**Exercise requirements**. Restate the following entries exactly. Keep the pictures out.

[Start of Attachment]

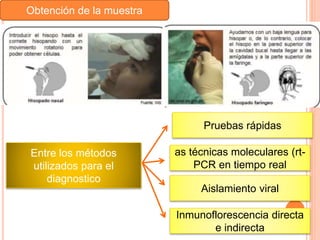 Obtención de la muestra
Entre los métodos
utilizados para el
diagnostico
Pruebas rápidas
as técnicas moleculares (rt-
PCR en tiempo real
Aislamiento viral
Inmunoflorescencia directa
e indirecta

[End of Attachment]

**Written answer**.
 Obtención de la muestra
Entre los métodos
utilizados para el
diagnostico
Pruebas rápidas
as técnicas moleculares (rt-
PCR en tiempo real
Aislamiento viral
Inmunoflorescencia directa
e indirecta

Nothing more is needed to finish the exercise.